WHAT IS NEEDED: Output the data below exactly.

Scraped caption text data:
BEGIN
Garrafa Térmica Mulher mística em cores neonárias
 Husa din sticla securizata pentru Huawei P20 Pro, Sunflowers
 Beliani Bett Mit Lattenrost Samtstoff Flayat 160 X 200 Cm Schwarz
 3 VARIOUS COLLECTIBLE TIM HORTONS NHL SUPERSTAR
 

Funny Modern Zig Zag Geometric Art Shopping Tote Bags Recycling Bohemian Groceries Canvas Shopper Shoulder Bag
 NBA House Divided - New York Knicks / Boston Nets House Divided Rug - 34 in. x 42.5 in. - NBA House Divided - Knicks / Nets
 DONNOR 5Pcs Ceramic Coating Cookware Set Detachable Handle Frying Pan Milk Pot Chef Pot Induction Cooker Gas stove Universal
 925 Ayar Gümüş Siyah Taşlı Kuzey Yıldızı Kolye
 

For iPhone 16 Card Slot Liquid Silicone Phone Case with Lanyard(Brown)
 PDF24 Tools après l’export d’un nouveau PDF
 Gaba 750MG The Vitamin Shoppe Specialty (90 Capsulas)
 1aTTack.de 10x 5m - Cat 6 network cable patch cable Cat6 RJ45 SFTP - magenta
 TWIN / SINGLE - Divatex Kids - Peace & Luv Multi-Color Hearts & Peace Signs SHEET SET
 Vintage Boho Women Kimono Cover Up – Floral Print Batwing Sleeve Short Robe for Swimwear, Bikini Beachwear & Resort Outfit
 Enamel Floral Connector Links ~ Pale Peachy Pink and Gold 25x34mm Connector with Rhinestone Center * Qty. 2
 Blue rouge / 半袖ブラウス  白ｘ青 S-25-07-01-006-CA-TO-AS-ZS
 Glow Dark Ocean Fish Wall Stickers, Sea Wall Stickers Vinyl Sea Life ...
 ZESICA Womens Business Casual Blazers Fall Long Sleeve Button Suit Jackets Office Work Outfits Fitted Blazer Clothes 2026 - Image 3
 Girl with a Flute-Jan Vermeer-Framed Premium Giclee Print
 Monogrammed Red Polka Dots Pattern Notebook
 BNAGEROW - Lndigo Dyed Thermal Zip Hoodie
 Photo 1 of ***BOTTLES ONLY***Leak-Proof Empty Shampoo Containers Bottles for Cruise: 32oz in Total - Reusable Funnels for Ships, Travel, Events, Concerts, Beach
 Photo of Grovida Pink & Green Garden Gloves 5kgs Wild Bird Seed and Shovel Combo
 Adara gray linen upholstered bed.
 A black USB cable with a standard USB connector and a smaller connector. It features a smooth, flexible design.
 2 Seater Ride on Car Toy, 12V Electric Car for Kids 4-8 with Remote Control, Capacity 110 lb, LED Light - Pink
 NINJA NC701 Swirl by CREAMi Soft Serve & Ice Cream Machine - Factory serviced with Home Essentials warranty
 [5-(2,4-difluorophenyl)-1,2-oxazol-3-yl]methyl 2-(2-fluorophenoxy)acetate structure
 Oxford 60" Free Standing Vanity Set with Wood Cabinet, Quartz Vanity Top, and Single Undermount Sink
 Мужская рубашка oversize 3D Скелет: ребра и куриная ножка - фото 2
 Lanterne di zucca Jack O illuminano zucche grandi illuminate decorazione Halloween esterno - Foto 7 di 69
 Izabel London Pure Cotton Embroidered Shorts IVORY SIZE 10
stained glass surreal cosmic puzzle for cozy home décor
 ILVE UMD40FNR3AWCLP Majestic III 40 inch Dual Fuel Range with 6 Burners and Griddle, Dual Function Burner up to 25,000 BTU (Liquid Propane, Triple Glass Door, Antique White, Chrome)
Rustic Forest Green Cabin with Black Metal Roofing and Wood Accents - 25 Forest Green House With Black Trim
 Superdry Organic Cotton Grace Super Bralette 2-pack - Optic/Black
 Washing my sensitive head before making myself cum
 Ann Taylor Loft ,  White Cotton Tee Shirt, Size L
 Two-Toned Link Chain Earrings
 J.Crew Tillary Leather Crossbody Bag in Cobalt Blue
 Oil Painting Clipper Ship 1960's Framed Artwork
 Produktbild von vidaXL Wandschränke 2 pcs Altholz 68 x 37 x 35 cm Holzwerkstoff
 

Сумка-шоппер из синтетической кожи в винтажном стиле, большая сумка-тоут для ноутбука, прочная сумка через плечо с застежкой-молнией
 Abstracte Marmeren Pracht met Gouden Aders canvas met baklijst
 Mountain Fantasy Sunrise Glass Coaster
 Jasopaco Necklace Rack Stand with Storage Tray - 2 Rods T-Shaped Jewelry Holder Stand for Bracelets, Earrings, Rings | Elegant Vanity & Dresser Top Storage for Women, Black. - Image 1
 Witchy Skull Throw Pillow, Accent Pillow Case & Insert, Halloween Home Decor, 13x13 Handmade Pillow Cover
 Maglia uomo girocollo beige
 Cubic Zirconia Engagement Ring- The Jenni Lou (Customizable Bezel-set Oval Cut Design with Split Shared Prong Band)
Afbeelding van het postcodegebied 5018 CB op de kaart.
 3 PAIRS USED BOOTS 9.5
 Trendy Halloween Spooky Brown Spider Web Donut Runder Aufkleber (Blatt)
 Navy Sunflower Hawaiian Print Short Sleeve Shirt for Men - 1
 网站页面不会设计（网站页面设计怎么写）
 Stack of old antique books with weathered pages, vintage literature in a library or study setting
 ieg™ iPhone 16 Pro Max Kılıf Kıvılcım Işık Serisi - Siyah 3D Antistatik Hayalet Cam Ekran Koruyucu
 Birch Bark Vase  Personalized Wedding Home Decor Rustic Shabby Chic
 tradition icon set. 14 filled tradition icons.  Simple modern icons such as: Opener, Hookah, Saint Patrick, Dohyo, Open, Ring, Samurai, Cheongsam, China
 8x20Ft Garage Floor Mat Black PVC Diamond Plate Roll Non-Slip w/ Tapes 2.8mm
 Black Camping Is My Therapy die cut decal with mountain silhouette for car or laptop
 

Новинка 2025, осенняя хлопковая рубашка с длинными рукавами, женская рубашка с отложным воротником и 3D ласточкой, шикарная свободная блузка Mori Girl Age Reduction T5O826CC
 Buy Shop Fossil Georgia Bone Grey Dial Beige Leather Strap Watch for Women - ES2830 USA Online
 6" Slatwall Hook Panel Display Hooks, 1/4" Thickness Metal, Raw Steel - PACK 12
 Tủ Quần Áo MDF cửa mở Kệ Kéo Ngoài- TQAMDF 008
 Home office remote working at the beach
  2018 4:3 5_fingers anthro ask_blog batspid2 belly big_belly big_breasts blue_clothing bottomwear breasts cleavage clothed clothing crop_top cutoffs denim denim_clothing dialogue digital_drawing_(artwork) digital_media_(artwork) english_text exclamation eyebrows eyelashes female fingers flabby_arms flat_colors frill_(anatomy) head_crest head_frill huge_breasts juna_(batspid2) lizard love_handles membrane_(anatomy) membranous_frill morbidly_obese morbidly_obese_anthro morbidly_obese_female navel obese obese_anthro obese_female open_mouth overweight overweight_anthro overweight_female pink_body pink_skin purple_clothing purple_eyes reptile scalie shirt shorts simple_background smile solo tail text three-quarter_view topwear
END
RESPONSE FOR THIS EXERCISE:
Garrafa Térmica Mulher mística em cores neonárias
 Husa din sticla securizata pentru Huawei P20 Pro, Sunflowers
 Beliani Bett Mit Lattenrost Samtstoff Flayat 160 X 200 Cm Schwarz
 3 VARIOUS COLLECTIBLE TIM HORTONS NHL SUPERSTAR
 

Funny Modern Zig Zag Geometric Art Shopping Tote Bags Recycling Bohemian Groceries Canvas Shopper Shoulder Bag
 NBA House Divided - New York Knicks / Boston Nets House Divided Rug - 34 in. x 42.5 in. - NBA House Divided - Knicks / Nets
 DONNOR 5Pcs Ceramic Coating Cookware Set Detachable Handle Frying Pan Milk Pot Chef Pot Induction Cooker Gas stove Universal
 925 Ayar Gümüş Siyah Taşlı Kuzey Yıldızı Kolye
 

For iPhone 16 Card Slot Liquid Silicone Phone Case with Lanyard(Brown)
 PDF24 Tools après l’export d’un nouveau PDF
 Gaba 750MG The Vitamin Shoppe Specialty (90 Capsulas)
 1aTTack.de 10x 5m - Cat 6 network cable patch cable Cat6 RJ45 SFTP - magenta
 TWIN / SINGLE - Divatex Kids - Peace & Luv Multi-Color Hearts & Peace Signs SHEET SET
 Vintage Boho Women Kimono Cover Up – Floral Print Batwing Sleeve Short Robe for Swimwear, Bikini Beachwear & Resort Outfit
 Enamel Floral Connector Links ~ Pale Peachy Pink and Gold 25x34mm Connector with Rhinestone Center * Qty. 2
 Blue rouge / 半袖ブラウス  白ｘ青 S-25-07-01-006-CA-TO-AS-ZS
 Glow Dark Ocean Fish Wall Stickers, Sea Wall Stickers Vinyl Sea Life ...
 ZESICA Womens Business Casual Blazers Fall Long Sleeve Button Suit Jackets Office Work Outfits Fitted Blazer Clothes 2026 - Image 3
 Girl with a Flute-Jan Vermeer-Framed Premium Giclee Print
 Monogrammed Red Polka Dots Pattern Notebook
 BNAGEROW - Lndigo Dyed Thermal Zip Hoodie
 Photo 1 of ***BOTTLES ONLY***Leak-Proof Empty Shampoo Containers Bottles for Cruise: 32oz in Total - Reusable Funnels for Ships, Travel, Events, Concerts, Beach
 Photo of Grovida Pink & Green Garden Gloves 5kgs Wild Bird Seed and Shovel Combo
 Adara gray linen upholstered bed.
 A black USB cable with a standard USB connector and a smaller connector. It features a smooth, flexible design.
 2 Seater Ride on Car Toy, 12V Electric Car for Kids 4-8 with Remote Control, Capacity 110 lb, LED Light - Pink
 NINJA NC701 Swirl by CREAMi Soft Serve & Ice Cream Machine - Factory serviced with Home Essentials warranty
 [5-(2,4-difluorophenyl)-1,2-oxazol-3-yl]methyl 2-(2-fluorophenoxy)acetate structure
 Oxford 60" Free Standing Vanity Set with Wood Cabinet, Quartz Vanity Top, and Single Undermount Sink
 Мужская рубашка oversize 3D Скелет: ребра и куриная ножка - фото 2
 Lanterne di zucca Jack O illuminano zucche grandi illuminate decorazione Halloween esterno - Foto 7 di 69
 Izabel London Pure Cotton Embroidered Shorts IVORY SIZE 10
stained glass surreal cosmic puzzle for cozy home décor
 ILVE UMD40FNR3AWCLP Majestic III 40 inch Dual Fuel Range with 6 Burners and Griddle, Dual Function Burner up to 25,000 BTU (Liquid Propane, Triple Glass Door, Antique White, Chrome)
Rustic Forest Green Cabin with Black Metal Roofing and Wood Accents - 25 Forest Green House With Black Trim
 Superdry Organic Cotton Grace Super Bralette 2-pack - Optic/Black
 Washing my sensitive head before making myself cum
 Ann Taylor Loft ,  White Cotton Tee Shirt, Size L
 Two-Toned Link Chain Earrings
 J.Crew Tillary Leather Crossbody Bag in Cobalt Blue
 Oil Painting Clipper Ship 1960's Framed Artwork
 Produktbild von vidaXL Wandschränke 2 pcs Altholz 68 x 37 x 35 cm Holzwerkstoff
 

Сумка-шоппер из синтетической кожи в винтажном стиле, большая сумка-тоут для ноутбука, прочная сумка через плечо с застежкой-молнией
 Abstracte Marmeren Pracht met Gouden Aders canvas met baklijst
 Mountain Fantasy Sunrise Glass Coaster
 Jasopaco Necklace Rack Stand with Storage Tray - 2 Rods T-Shaped Jewelry Holder Stand for Bracelets, Earrings, Rings | Elegant Vanity & Dresser Top Storage for Women, Black. - Image 1
 Witchy Skull Throw Pillow, Accent Pillow Case & Insert, Halloween Home Decor, 13x13 Handmade Pillow Cover
 Maglia uomo girocollo beige
 Cubic Zirconia Engagement Ring- The Jenni Lou (Customizable Bezel-set Oval Cut Design with Split Shared Prong Band)
Afbeelding van het postcodegebied 5018 CB op de kaart.
 3 PAIRS USED BOOTS 9.5
 Trendy Halloween Spooky Brown Spider Web Donut Runder Aufkleber (Blatt)
 Navy Sunflower Hawaiian Print Short Sleeve Shirt for Men - 1
 网站页面不会设计（网站页面设计怎么写）
 Stack of old antique books with weathered pages, vintage literature in a library or study setting
 ieg™ iPhone 16 Pro Max Kılıf Kıvılcım Işık Serisi - Siyah 3D Antistatik Hayalet Cam Ekran Koruyucu
 Birch Bark Vase  Personalized Wedding Home Decor Rustic Shabby Chic
 tradition icon set. 14 filled tradition icons.  Simple modern icons such as: Opener, Hookah, Saint Patrick, Dohyo, Open, Ring, Samurai, Cheongsam, China
 8x20Ft Garage Floor Mat Black PVC Diamond Plate Roll Non-Slip w/ Tapes 2.8mm
 Black Camping Is My Therapy die cut decal with mountain silhouette for car or laptop
 

Новинка 2025, осенняя хлопковая рубашка с длинными рукавами, женская рубашка с отложным воротником и 3D ласточкой, шикарная свободная блузка Mori Girl Age Reduction T5O826CC
 Buy Shop Fossil Georgia Bone Grey Dial Beige Leather Strap Watch for Women - ES2830 USA Online
 6" Slatwall Hook Panel Display Hooks, 1/4" Thickness Metal, Raw Steel - PACK 12
 Tủ Quần Áo MDF cửa mở Kệ Kéo Ngoài- TQAMDF 008
 Home office remote working at the beach
  2018 4:3 5_fingers anthro ask_blog batspid2 belly big_belly big_breasts blue_clothing bottomwear breasts cleavage clothed clothing crop_top cutoffs denim denim_clothing dialogue digital_drawing_(artwork) digital_media_(artwork) english_text exclamation eyebrows eyelashes female fingers flabby_arms flat_colors frill_(anatomy) head_crest head_frill huge_breasts juna_(batspid2) lizard love_handles membrane_(anatomy) membranous_frill morbidly_obese morbidly_obese_anthro morbidly_obese_female navel obese obese_anthro obese_female open_mouth overweight overweight_anthro overweight_female pink_body pink_skin purple_clothing purple_eyes reptile scalie shirt shorts simple_background smile solo tail text three-quarter_view topwear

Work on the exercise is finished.